Advancing the State of The Art of Container Storage With Titus, Part 2

Disclaimer: This blog post is a deep dive in to the topic of Linux container storage, specifically looking at Netflix’s Open Source Titus container platform. Netflix happens to be my employer, but nothing in this blog post is secret or talk about anything that isn’t already open source.

In Part 1, I discussed the current state of the art of container storage with the CSI+kubernetes, and its limitations.

In this Part 2, I’ll discuss why mounting storage is difficult in containers, especially in user namespaces are in use.

Why can’t one just mount in a container?

If you try to mount in a docker container, with default settings, you will get permission denied:

# docker run ubuntu mount -t tmpfs none /mnt
mount: /mnt: permission denied.

Why? You are root, what other credentials do you need?

You have to be a little careful about interpreting the permission denied error. This error (EPERM) is coming from the syscall itself, which you can verify using strace:

mount("none", "/mnt", "tmpfs", 0, NULL) = -1 EPERM (Operation not permitted)

This first EPERM is due to seccomp. Seccomp is a Linux kernel feature that allows one to set a policy of which syscalls are allowed to be called. The seccomp mechanism is fine-grained, and the default policy that docker applies only allows mount() syscalls if CAP_SYS_ADMIN is enabled.

So let’s enable it SYS_ADMIN, which should allow us to mount given that default policy?:

# docker run --cap-add SYS_ADMIN ubuntu mount -t tmpfs none /mnt
mount: /mnt: cannot mount none read-only.

Still not working? With strace we can reveal we get a different error, EACCES:

mount("none", "/mnt", "tmpfs", MS_RDONLY, NULL) = -1 EACCES (Permission denied)

This EACCES is coming from AppArmor. AppArmor is yet another Linux security mechanism to do fine-grained syscall (as well as other things) access control. The default docker AppArmor profile denies mount.

So let’s disable AppArmor and keep SYS_ADMIN:

# docker run  --cap-add SYS_ADMIN --security-opt apparmor=unconfined ubuntu  mount  --verbose -t tmpfs none /mnt
mount: none mounted on /mnt.
#

No news is good news here. The mount worked!

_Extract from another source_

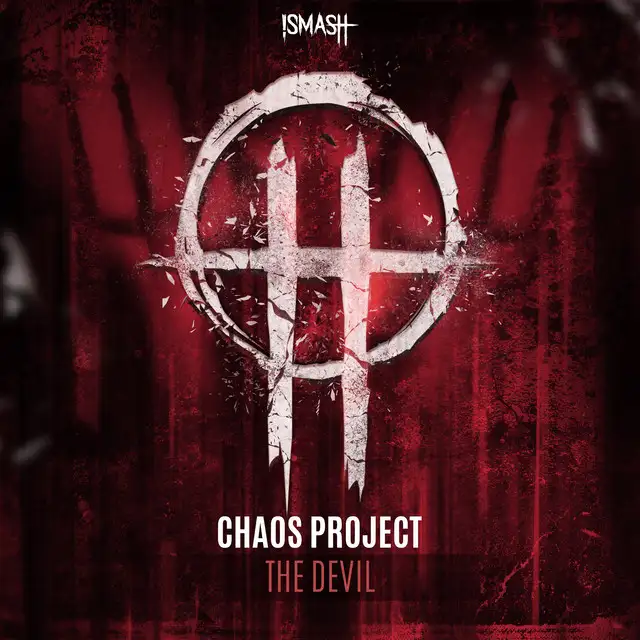 Fear by Chaos Project, Griever - Hardcore cover art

What about a block device?:

# docker run -ti --security-opt apparmor:unconfined --cap-add SYS_ADMIN ubuntu bash -c "dd if=/dev/zero of=/tmp/loop.img bs=1024k count=100 && mkfs.ext3 -F /tmp/loop.img && mount /tmp/loop.img /mnt/ -o loop"

100+0 records in
100+0 records out
104857600 bytes (105 MB, 100 MiB) copied, 0.132879 s, 789 MB/s
mke2fs 1.46.5 (30-Dec-2021)
Discarding device blocks: done                            
Creating filesystem with 25600 4k blocks and 25600 inodes

Allocating group tables: done                            
Writing inode tables: done                            
Creating journal (1024 blocks): done
Writing superblocks and filesystem accounting information: done

mount: /mnt/: mount failed: Operation not permitted.

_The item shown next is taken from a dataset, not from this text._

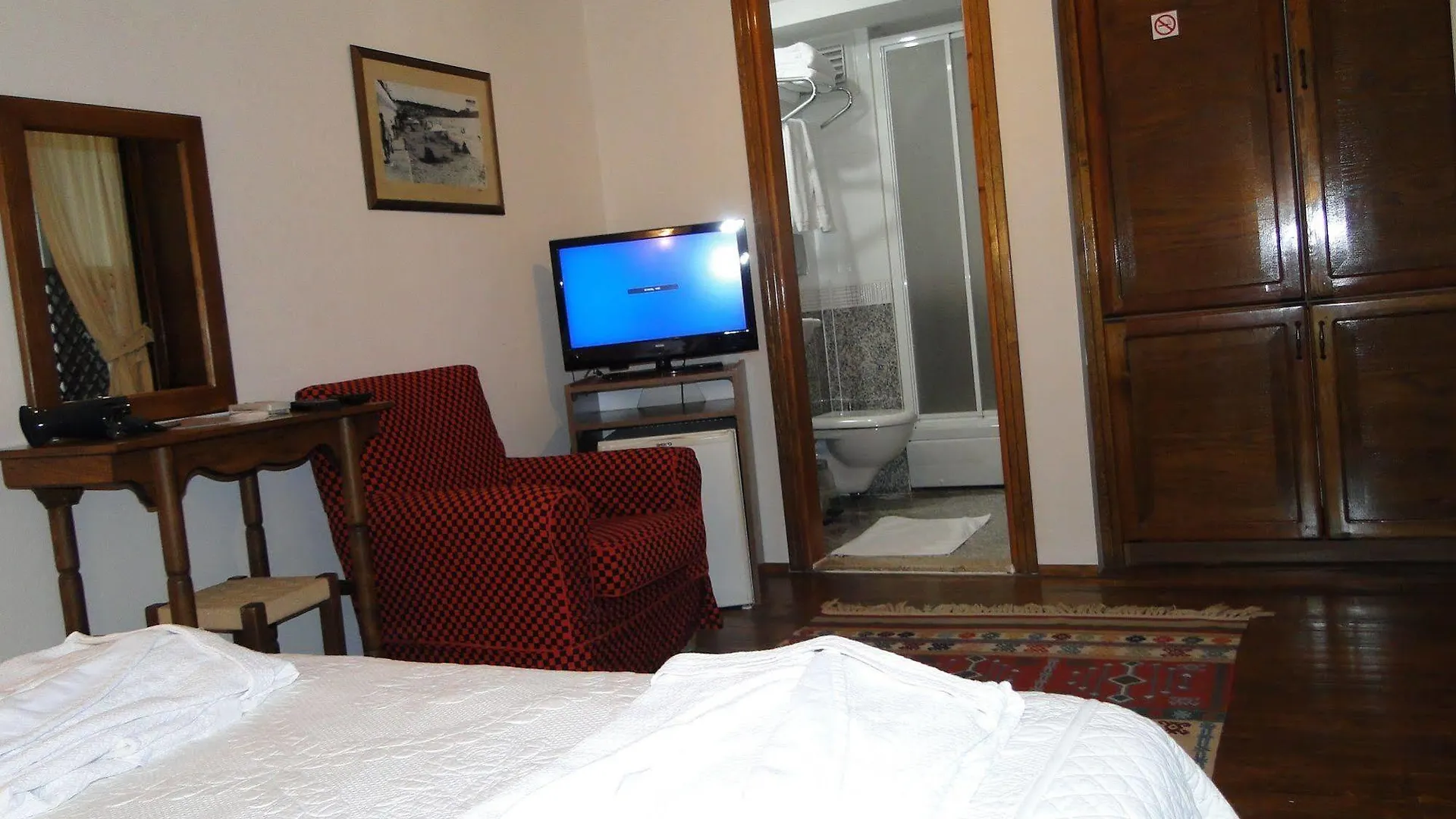 Villa Konak Hotel Kusadası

What now though? I thought we had all the permissions setup to mount?

In this case, using strace again reveals that this time the permission has to do with /dev/ files:

newfstatat(AT_FDCWD, "/dev/loop-control", 0x7ffe59ededb0, 0) = -1 ENOENT (No such file or direc
tory)
newfstatat(AT_FDCWD, "/dev/loop", 0x7ffe59edefd0, 0) = -1 ENOENT (No such file or directory)
newfstatat(AT_FDCWD, "/dev/loop0", 0x7ffe59eddf40, 0) = -1 ENOENT (No such file or directory)
newfstatat(AT_FDCWD, "/dev/loop1", 0x7ffe59eddf40, 0) = -1 ENOENT (No such file or directory)
newfstatat(AT_FDCWD, "/dev/loop2", 0x7ffe59eddf40, 0) = -1 ENOENT (No such file or directory)
newfstatat(AT_FDCWD, "/dev/loop3", 0x7ffe59eddf40, 0) = -1 ENOENT (No such file or directory)
newfstatat(AT_FDCWD, "/dev/loop4", 0x7ffe59eddf40, 0) = -1 ENOENT (No such file or directory)
newfstatat(AT_FDCWD, "/dev/loop5", 0x7ffe59eddf40, 0) = -1 ENOENT (No such file or directory)
newfstatat(AT_FDCWD, "/dev/loop6", 0x7ffe59eddf40, 0) = -1 ENOENT (No such file or directory)
newfstatat(AT_FDCWD, "/dev/loop7", 0x7ffe59eddf40, 0) = -1 ENOENT (No such file or directory)
openat(AT_FDCWD, "/dev/", O_RDONLY|O_NONBLOCK|O_CLOEXEC|O_DIRECTORY) = 3

Any mount requiring something in /dev/ is going to need docker’s --privileged=true. And you can’t just add --privileged to docker exec, it must be applied to the container at start time.

--privileged? CAP_SYSADMIN? --security-opt apparmor=unconfined? Seems like a lot of security we have to disable to make it work though. But this is the opposite of what I want. I want more security, not less. This is even more complex when we throw in Linux User Namespaces.

User Namespaces

Linux user namespaces are a way mapping a UID/GIDs in a container. For securing containers, Titus uses user namespaces to ensure the root in the container is not root on the host.

At the time of this writing, user namespaces are not enabled by default on Docker (sometimes called “rootless docker”) or Podman.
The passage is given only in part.